Our next letter to be jettisoned into the past is from YA author Jamie Ayers. Jamie Ayres writes young adult paranormal love stories by night and teaches young adults as a public school teacher by day. When not at home on her laptop or at school, she can often be found at a local book store grabbing random children and reading to them. So far, she has not been arrested for this. She loves lazy pajama days, the first page of a good book, stupid funny movies, and sharing stories with fantastic people like you. Her first novel, 18 Things, will be published by Curiosity Quills later this year. Visit her website at www.jamieayres.com.
Dear Jamie Reynolds,
If my calculations are correct, you will receive this letter on your fourteenth birthday, August 28, 1993. First, let me assure you that you are alive and well. You’re 32 now, but your story is still being written. Your life has become so much bigger than what you ever expected. You have a novel coming out soon! You’re a teacher, able to affect your students’ lives just like so many teachers touched yours when you thought nobody cared. You married a good and honest man who is committed and believes in you like no one else ever has. You’ve been married for 14 yrs now, and you’re about to meet him soon! You have two beautiful daughters together and you’re giving them the loving, joyful, secure childhood you never had. See . . . .
Even though you are perfectly happy now, there are a few things I’d like to warn you about. I know you’re severely depressed right now and contemplating suicide. Please hear me out and listen to my advice.
Don’t change so much to fit in. Be bold about who you really are. Don’t seek popularity at all, but significance. Mother Teresa knew her mission in life. She said, “I’m but a pencil in the hands of the Creator, writing a love letter to His people.” Later on, you’ll join a whole misfit group of literary marauders who never fit in either and it won’t matter anymore. You’re original and you get to make a career out of being different and creative. Now that’s cool!
You’re devastated because your cool boyfriend broke up with you. You’ll be better off. He’ll start doing drugs and get a girl pregnant in high school. There will be other guys, but don’t do things this first year of high school that make you uncomfortable just to feel loved and cared for. They don’t care about you and will use you. Will lie and say you did more than you actually did and you’ll get a bad reputation that follows you around the rest of high school. People you thought were your friends will believe them and won’t stick up for you--will even join the haters and make fun of you. And for the love of God--Don’t go out with that guy you meet at Burger King!!! He’ll go on to rape your best friend. Also, don’t date one of your good friends your senior year. He’s a rebound. You wanted to be in love with him because he seemed like the perfect guy, but you weren’t and you ended up hurting him and losing him as a friend. YOU WANT SECURITY BUT YOU DON’T NEED A GUY FOR THAT!
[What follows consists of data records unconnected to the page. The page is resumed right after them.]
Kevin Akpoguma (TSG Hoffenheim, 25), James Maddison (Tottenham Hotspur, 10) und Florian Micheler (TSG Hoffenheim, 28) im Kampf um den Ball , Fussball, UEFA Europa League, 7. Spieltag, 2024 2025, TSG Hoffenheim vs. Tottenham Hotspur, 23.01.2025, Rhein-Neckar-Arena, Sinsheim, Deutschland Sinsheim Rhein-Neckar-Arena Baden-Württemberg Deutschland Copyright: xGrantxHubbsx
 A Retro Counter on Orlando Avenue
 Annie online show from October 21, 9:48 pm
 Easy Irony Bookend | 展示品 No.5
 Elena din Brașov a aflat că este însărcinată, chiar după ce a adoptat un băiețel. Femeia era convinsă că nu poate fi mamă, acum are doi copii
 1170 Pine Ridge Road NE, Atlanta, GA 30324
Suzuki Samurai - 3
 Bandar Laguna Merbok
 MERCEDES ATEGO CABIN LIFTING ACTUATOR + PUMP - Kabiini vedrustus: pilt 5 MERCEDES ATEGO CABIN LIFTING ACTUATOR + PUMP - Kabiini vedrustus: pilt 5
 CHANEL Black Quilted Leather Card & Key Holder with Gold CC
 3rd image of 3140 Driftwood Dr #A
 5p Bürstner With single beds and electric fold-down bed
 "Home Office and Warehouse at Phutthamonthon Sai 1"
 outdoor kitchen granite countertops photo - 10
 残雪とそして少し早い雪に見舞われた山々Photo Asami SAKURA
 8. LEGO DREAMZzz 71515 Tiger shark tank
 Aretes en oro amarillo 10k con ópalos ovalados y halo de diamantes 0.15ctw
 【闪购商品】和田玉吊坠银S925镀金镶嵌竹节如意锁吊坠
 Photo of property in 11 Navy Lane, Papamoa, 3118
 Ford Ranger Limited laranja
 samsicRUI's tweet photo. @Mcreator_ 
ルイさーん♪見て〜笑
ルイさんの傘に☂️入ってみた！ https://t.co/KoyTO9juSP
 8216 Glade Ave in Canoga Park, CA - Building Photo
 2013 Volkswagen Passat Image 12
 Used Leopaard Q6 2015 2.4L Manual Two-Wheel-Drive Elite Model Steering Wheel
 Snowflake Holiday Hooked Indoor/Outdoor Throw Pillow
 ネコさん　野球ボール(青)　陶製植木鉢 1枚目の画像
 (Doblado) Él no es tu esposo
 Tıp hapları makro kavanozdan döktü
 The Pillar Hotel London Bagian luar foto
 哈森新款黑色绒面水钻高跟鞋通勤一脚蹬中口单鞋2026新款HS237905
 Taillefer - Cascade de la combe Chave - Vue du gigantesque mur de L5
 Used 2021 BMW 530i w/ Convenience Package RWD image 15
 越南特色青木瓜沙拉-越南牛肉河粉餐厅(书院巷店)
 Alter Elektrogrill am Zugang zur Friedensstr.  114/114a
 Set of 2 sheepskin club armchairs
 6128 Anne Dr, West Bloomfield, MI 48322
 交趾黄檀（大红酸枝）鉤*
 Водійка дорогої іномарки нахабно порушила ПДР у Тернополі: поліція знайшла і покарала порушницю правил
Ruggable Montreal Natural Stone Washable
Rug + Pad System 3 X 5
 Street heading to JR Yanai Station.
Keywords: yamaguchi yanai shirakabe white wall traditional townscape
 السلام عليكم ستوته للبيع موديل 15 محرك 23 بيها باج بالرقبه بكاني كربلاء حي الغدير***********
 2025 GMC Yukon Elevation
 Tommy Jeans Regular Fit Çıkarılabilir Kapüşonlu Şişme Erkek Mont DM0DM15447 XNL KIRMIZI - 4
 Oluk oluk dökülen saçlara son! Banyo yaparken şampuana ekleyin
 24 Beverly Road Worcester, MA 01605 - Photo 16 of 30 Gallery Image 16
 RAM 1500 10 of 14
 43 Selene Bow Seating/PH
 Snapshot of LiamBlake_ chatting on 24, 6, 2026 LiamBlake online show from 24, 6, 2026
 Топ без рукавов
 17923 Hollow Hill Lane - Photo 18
Don’t have a one track mind and lose yourself as an individual. Yeah, you date this guy for over three years and it seems right and fun at the time, but it ruins the pureness of your relationship. True love is nurturing and helps people grow—not hold them back. It makes them a better person, not an obsessed and jealous one. I know it’s hard, but wait until you’re married. Hormones are not, I said NOT, to be trusted! DO you hear me, young lady?!
You have pimples. Build yourself a bridge and get over it! What teenager doesn’t? Quit whining and go buy yourself some Clearasil or something. And yes, your boobs are ginormous compared to all the other girls your age right now. Who cares? Embrace it! And you’re fat? Really?!?! Let me tell ya something honey, you’ll never look this good again! Shut up already, and go eat some more chocolate while your fat-burning potential is at its height. Believe me, your metabolism is all downhill from here.
Don’t depend on others to boost your sense of worth. Don’t let insecurities, worry, stress, and fear guide your decisions. Base your decisions on what you need, not what others are telling you to do. Quit striving to please others and love yourself. You can’t truly love anyone else until you do. Your life is a journey, not a destination. It doesn’t matter where you’ve been; it matters where you’re going. All those years of obscurity, God was working on your roots. It’s who you were in the dark all those years that determines how you’ll shine in the future. Don’t let place or time or age or upbringing or social status determine your potential. Don’t be unwilling to accept the help of others because you think you’re not worth their effort. You are!
So that about covers it. Please listen to my advice, and try to look into the future outside of the next ten minutes. Yes, you’ll still make mistakes. After all, nobody is perfect, so pick yourself up and try, try again. You deserve every good thing God has planned for your life. Keep this letter as a seal upon your heart over the next few years when life seems so hard. The best days are ahead of you, but first there’s high school. And so Jamie, I now say farewell and wish you Godspeed.
(P.S. Yep, your last name is Ayres now, not Reynolds. Spoiler Alert! Go get ‘em, girl!)